Um der Gefahr einer Immobilienblase zu begegnen, schlagen die Ökonomen unter anderem eine höhere Besteuerung von Häusern und Grundstücken vor - eine Idee, die bei vielen Bürgern auf heftigen Widerstand stoßen dürfte. Derzeit wird die Grundsteuer in Deutschland auf Basis sogenannter Einheitswerte erhoben, die mit den tatsächlichen Verkehrswerten der Immobilien wenig zu tun haben.

Betrachtet man den Hauspreis-Index EPX, haben sich die Preise für Häuser und Wohnungen zwischen 2009 und 2014 in der Tat um mehr als 20 Prozent erhöht, in begehrten Lagen schossen sie noch deutlich stärker nach oben. Die Zahl der Baugenehmigungen stieg wegen der niedrigen Hypothekenzinsen und der Suche vieler Investoren nach einer vermeintlich sicheren Geldanlage im selben Zeitraum sogar um 50 Prozent.

Einer solchen "Flucht in die Sachwerte" sollte die Politik aus Sicht der Kieler Forscher durch eine regelmäßige Anpassung der Einheitswerte an die Preisentwicklung entgegenwirken, was faktisch einer Steuererhöhung gleichkommt.

Dabei räumen die Experten durchaus ein, dass die laufende Ermittlung aller Verkehrswerte nicht nur sehr aufwendig wäre, sondern auch viele Alteigentümer stark belasten würde. Eine Wiederbelebung der Eigenheimzulage, wie sie unter anderem CSU-Politiker immer wieder einmal ins Spiel bringen, lehnt das IfW hingegen kategorisch ab.

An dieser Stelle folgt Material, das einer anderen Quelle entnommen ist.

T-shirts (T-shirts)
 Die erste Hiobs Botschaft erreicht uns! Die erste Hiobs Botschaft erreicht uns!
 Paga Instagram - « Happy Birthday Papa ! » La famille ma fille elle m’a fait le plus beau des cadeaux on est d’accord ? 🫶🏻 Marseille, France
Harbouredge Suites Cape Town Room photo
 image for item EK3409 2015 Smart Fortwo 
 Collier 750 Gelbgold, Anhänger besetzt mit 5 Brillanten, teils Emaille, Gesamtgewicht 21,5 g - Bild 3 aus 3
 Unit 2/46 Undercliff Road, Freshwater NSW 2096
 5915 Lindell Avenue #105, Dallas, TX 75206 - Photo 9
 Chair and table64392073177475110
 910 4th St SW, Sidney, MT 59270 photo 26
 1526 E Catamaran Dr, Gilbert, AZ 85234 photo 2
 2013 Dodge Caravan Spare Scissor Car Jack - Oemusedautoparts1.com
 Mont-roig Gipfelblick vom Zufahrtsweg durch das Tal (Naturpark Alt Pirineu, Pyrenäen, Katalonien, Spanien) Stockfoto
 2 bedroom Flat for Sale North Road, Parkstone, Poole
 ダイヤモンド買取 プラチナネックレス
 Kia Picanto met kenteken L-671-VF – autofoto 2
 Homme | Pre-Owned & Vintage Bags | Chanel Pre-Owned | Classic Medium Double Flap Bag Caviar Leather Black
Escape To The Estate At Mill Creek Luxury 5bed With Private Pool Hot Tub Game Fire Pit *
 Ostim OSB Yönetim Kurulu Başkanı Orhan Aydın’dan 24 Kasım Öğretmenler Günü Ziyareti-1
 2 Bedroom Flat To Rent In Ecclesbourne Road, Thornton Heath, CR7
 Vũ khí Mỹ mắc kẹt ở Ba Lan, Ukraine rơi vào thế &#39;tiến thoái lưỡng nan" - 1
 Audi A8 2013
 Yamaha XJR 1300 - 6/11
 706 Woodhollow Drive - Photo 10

Schärfere Auflagen für die Bankbranche

Weitere Schritte zur Vermeidung eines konjunkturellen Einbruchs könnten aus Sicht der Experten eine äußerst restriktive Haushaltspolitik sowie eine "verstärkte Nutzerfinanzierung der Infrastrukturbereitstellung insbesondere im Verkehrsbereich" sein.

Hinter der umständlichen Formel verbirgt sich die Idee, den Bau und die Reparatur von Autobahnen, Straßen und Brücken in größerem Umfang Privatinvestoren zu übertragen, die sich ihre Aufwendungen dann über eine Maut von den Autofahrern zurückholen könnten - und damit gleich zwei Fliegen mit einer Klappe zu schlagen: Einerseits würde der massive Investitionsstau bei der Straßensanierung beseitigt und der Verfall der Infrastruktur gebremst. Andererseits erhielten Groß- und Kleinsparer die Möglichkeit, ihr Geld "in langfristig potenzialwirksame Verwendungen" zu investieren, sprich: es wachstumsfördernd anzulegen, statt es für überteuerte Wohnungen auszugeben.

Darüber hinaus sprechen sich die Experten für deutlich schärfere Auflagen für die Bankbranche aus, die aus ihrer Sicht "von herausragender Bedeutung für die Abwehr von finanzwirtschaftlichen Übertreibungen" wären. Dazu zählt unter anderem eine Schuldenobergrenze für Geldhäuser sowie eine raschere Einführung der ohnehin geplanten strengeren Eigenkapitalvorschriften.

Darüber hinaus plädieren die Gutachter dafür, dass Banken, die sich mit Hilfe von Unternehmensanleihen finanzieren, diese Papiere nur noch in Form sogenannter bedingter Zwangswandelanleihen (CoCo-Bonds) emittieren dürfen. Sollte die Eigenkapitalquote eines Instituts unter einen bestimmten Grenzwert sinken, würden die Anleihen automatisch in Aktien gewandelt. Aus Fremdkapital würde so Eigenkapital, aus den Besitzern der CoCo-Bonds voll haftende Aktionäre.

Keine schöne Aussicht für die eigentlichen Anteilseigentümer, deren Aktienpakete verwässert würden. Sie erhielten damit einen Anreiz, dem Vorstand ihrer Bank allzu riskante Geschäfte schlicht zu untersagen.